For the first time, machine learning now enables researchers to rank the most important factors that predict future affluence – and the outcome might surprise you.
Education and occupation were the best predictors -but surprisingly, a person’s ability to delay instant gratification was also among the most important determinants of higher income, beating age, race, ethnicity and height.
Many factors are related to how much money a person will earn, including age, occupation, education, gender, ethnicity and even height. Behavioral variables are also implicated, such as one relating to the famous “marshmallow test.”
This study of delay discounting, or how much a person discounts the value of future rewards compared to immediate ones, showed children with greater self-control were more likely to have higher salaries later in life.
However, the study’s lead author, Dr William Hampton, now at the University of St. Gallen in Switzerland, says more traditional ways of analyzing data have been unable to indicate which of these factors are more important than others.
“Using machine learning, our study was the first to create a validated rank ordering of age, occupation, education, geographic location, gender, race, ethnicity, height, age and delay discounting in income prediction,” said Hampton.
Traditional methods used by psychologists (such as correlations and regression) haven’t allowed for a simultaneous comparison of different factors relating to an individual’s affluence. This study collected a large amount of data—from more than 2,500 diverse participants—and split them into a training set and a test set. The test set was put aside while the training set produced model results. The researchers then went back to the test set to test the accuracy of their findings.

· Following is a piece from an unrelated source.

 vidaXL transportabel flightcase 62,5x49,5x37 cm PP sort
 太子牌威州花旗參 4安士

Dr. Hampton hopes the research approach will be part of a new era in data analysis. “This was amazing because it allowed us to check our findings and replicate them, giving us much greater confidence that they were accurate. This is particularly important given the recent wave of findings across science that do not seem to replicate. Using this machine learning approach could lead to more research that replicates—and we hope this spurs the use of more sophisticated analytic approaches in general.”

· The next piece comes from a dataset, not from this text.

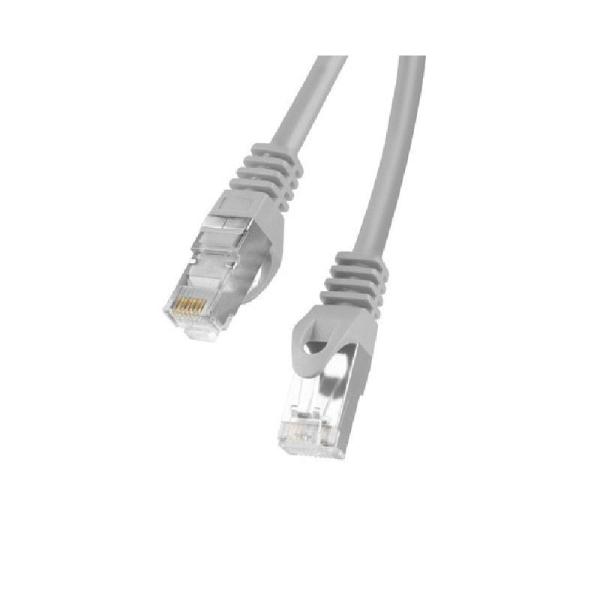 LATIGUILLO DE RED LANBERG PCF6-10CC-1000-S - RJ45 - FTP - CAT6 - 10M - GRIS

The study’s authors caution that the data sample was purposely limited to the United States and it is possible that the rank order of variables that predict salary may differ in other countries. Dr. Hampton says he is looking forward to exploring this analytical approach in a broader context.
Dr Hampton also had an interesting observation for parents, saying that those who develop the ability to delay gratification are likely to invest in their own earning potential.
“If you want your child to grow up to earn a good salary, consider instilling in them the importance of passing on smaller, immediate rewards in favor of larger ones that they have to wait for. This is probably easier said than done, as very few people naturally enjoy waiting, but our results suggest that those who develop the ability to delay gratification are likely investing in their own earning potential,” he added.
The study has been published in the journal- Frontiers in Psychology.